■ **WORK TO COMPLETE**
In the listing below, print exactly the lines from the first through the one that contains "business or corporate".

:::::

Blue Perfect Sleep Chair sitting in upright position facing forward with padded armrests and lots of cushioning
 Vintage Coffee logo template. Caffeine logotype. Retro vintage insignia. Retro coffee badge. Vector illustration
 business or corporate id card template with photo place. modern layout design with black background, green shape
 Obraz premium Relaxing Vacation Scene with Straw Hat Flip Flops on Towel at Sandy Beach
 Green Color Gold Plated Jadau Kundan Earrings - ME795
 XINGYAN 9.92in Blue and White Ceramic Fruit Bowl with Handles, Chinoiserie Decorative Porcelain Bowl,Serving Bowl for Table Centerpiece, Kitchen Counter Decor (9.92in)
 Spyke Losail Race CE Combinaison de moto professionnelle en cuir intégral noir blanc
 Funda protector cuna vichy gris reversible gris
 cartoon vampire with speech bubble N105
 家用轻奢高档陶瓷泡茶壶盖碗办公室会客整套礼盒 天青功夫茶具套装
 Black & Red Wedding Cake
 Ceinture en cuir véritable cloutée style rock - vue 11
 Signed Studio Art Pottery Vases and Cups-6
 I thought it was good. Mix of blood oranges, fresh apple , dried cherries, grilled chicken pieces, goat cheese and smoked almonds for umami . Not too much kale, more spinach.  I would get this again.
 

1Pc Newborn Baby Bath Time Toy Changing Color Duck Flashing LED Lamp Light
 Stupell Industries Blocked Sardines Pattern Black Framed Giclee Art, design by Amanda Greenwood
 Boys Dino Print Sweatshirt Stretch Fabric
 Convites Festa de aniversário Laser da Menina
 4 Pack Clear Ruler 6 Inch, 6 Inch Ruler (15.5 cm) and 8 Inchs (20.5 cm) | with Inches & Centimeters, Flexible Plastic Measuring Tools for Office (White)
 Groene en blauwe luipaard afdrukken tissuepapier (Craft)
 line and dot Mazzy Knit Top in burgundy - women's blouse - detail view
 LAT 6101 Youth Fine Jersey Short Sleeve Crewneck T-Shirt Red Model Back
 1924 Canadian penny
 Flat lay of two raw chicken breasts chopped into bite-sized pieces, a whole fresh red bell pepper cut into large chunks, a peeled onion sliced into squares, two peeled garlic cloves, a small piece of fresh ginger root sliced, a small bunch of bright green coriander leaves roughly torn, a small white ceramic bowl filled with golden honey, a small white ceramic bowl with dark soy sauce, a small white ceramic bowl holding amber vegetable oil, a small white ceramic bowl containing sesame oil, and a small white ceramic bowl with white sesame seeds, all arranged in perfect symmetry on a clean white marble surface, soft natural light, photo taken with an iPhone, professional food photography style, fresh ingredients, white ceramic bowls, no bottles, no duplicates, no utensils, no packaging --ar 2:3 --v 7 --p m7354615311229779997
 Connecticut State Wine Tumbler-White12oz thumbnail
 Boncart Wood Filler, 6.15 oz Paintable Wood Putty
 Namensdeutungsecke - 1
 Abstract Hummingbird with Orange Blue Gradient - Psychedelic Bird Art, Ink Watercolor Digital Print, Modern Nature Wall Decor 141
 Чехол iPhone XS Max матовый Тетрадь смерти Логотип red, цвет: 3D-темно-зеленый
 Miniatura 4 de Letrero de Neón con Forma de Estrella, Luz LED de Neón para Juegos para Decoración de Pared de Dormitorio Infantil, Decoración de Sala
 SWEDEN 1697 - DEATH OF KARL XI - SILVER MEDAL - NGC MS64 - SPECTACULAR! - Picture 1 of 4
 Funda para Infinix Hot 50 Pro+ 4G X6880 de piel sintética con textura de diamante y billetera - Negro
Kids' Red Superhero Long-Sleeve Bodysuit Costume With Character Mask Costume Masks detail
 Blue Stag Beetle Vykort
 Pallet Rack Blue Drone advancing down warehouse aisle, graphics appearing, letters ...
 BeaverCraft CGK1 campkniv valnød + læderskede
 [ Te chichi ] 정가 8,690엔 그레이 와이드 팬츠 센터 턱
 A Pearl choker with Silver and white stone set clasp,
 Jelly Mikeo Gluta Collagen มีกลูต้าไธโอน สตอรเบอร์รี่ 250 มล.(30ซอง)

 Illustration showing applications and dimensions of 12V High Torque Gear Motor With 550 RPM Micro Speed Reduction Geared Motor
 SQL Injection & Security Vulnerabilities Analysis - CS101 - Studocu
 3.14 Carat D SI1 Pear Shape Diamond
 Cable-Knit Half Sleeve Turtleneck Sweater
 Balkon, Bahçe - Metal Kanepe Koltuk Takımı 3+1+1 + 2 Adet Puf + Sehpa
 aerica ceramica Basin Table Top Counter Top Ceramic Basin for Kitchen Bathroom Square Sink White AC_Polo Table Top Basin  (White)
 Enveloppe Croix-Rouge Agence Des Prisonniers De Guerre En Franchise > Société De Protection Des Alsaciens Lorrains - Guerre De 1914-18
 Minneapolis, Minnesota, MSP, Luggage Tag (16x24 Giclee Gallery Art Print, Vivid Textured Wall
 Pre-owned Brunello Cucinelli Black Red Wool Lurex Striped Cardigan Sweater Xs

:::::

■ **WRITTEN RESPONSE**
Blue Perfect Sleep Chair sitting in upright position facing forward with padded armrests and lots of cushioning
 Vintage Coffee logo template. Caffeine logotype. Retro vintage insignia. Retro coffee badge. Vector illustration
 business or corporate id card template with photo place. modern layout design with black background, green shape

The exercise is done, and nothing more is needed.